*Task details:* Keep every word of the entries and print them exactly; the pictures stay out.

*Recorded data:*

= Beginning of Section =

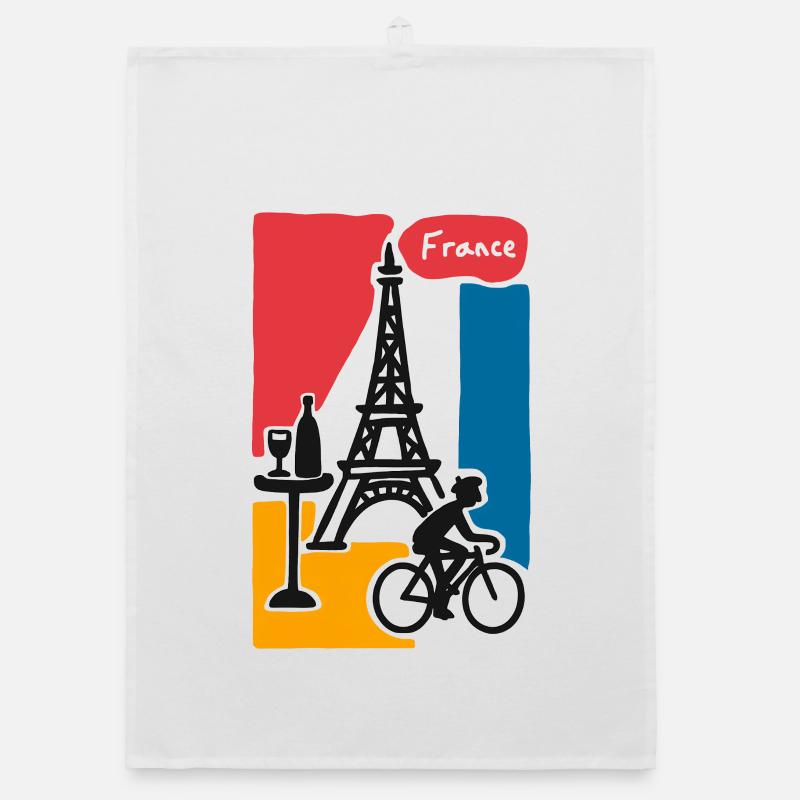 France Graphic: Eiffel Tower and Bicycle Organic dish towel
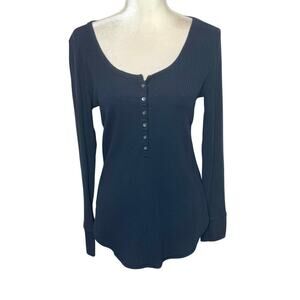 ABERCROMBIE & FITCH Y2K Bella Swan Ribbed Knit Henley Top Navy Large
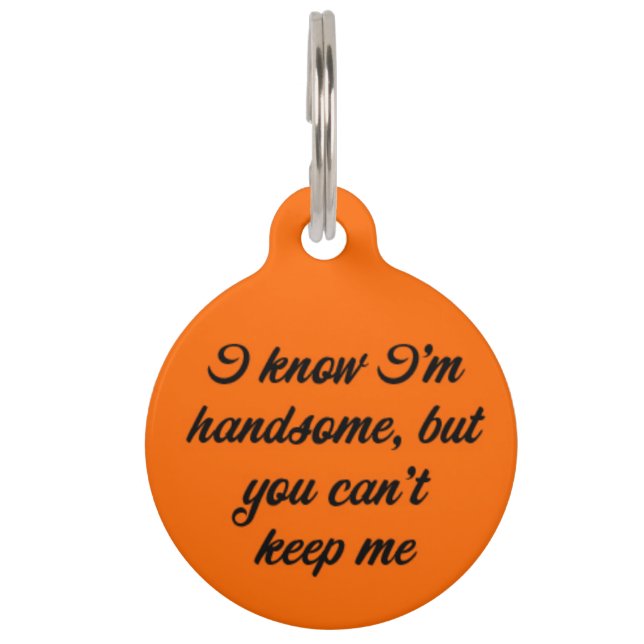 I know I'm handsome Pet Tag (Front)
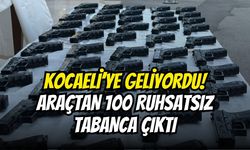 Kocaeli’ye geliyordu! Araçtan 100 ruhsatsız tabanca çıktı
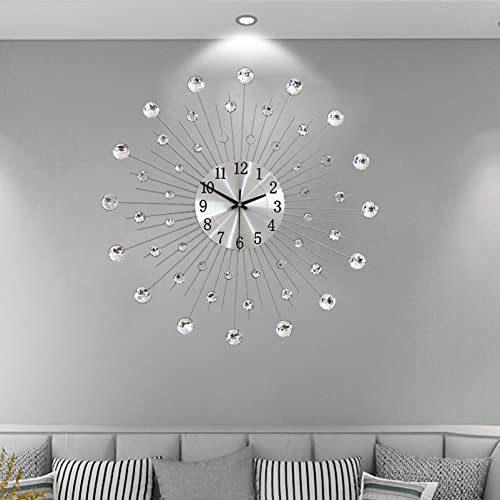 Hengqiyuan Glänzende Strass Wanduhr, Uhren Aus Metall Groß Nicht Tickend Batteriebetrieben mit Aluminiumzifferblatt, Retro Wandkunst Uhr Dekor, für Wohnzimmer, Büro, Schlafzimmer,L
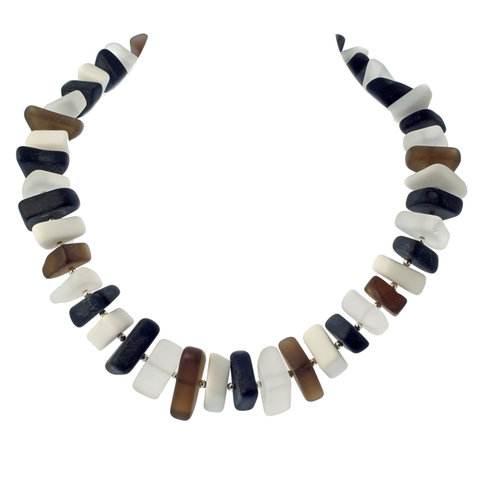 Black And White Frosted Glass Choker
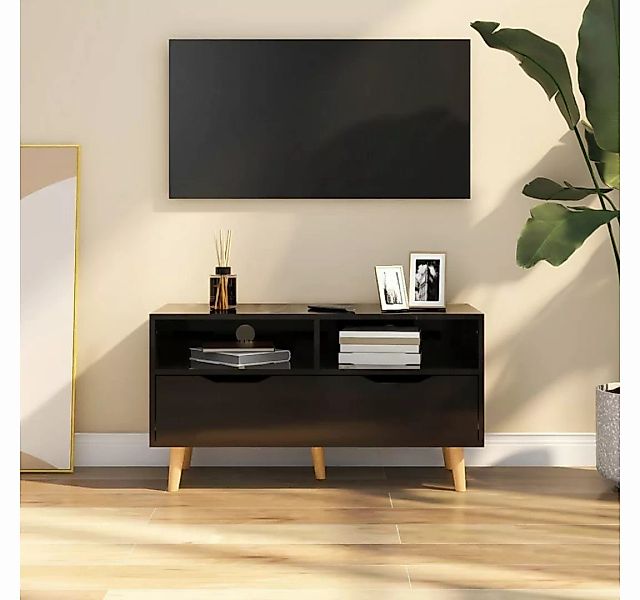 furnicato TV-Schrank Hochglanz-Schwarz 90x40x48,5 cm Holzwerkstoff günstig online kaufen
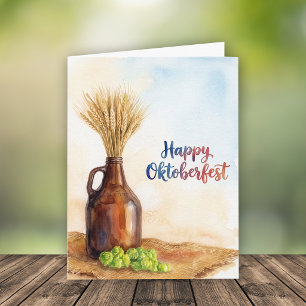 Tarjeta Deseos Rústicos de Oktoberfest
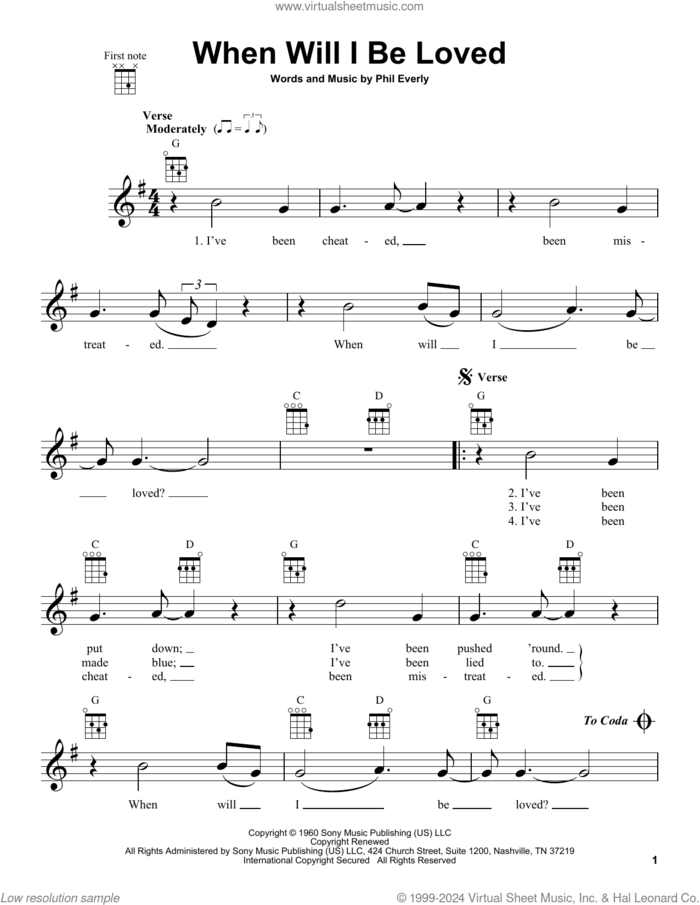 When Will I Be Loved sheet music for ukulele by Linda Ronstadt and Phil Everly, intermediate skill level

= End of Section =

*Answer area:*
 France Graphic: Eiffel Tower and Bicycle Organic dish towel
 ABERCROMBIE & FITCH Y2K Bella Swan Ribbed Knit Henley Top Navy Large
 I know I'm handsome Pet Tag (Front)
 Kocaeli’ye geliyordu! Araçtan 100 ruhsatsız tabanca çıktı
 Hengqiyuan Glänzende Strass Wanduhr, Uhren Aus Metall Groß Nicht Tickend Batteriebetrieben mit Aluminiumzifferblatt, Retro Wandkunst Uhr Dekor, für Wohnzimmer, Büro, Schlafzimmer,L
 Black And White Frosted Glass Choker
 furnicato TV-Schrank Hochglanz-Schwarz 90x40x48,5 cm Holzwerkstoff günstig online kaufen
 Tarjeta Deseos Rústicos de Oktoberfest
 When Will I Be Loved sheet music for ukulele by Linda Ronstadt and Phil Everly, intermediate skill level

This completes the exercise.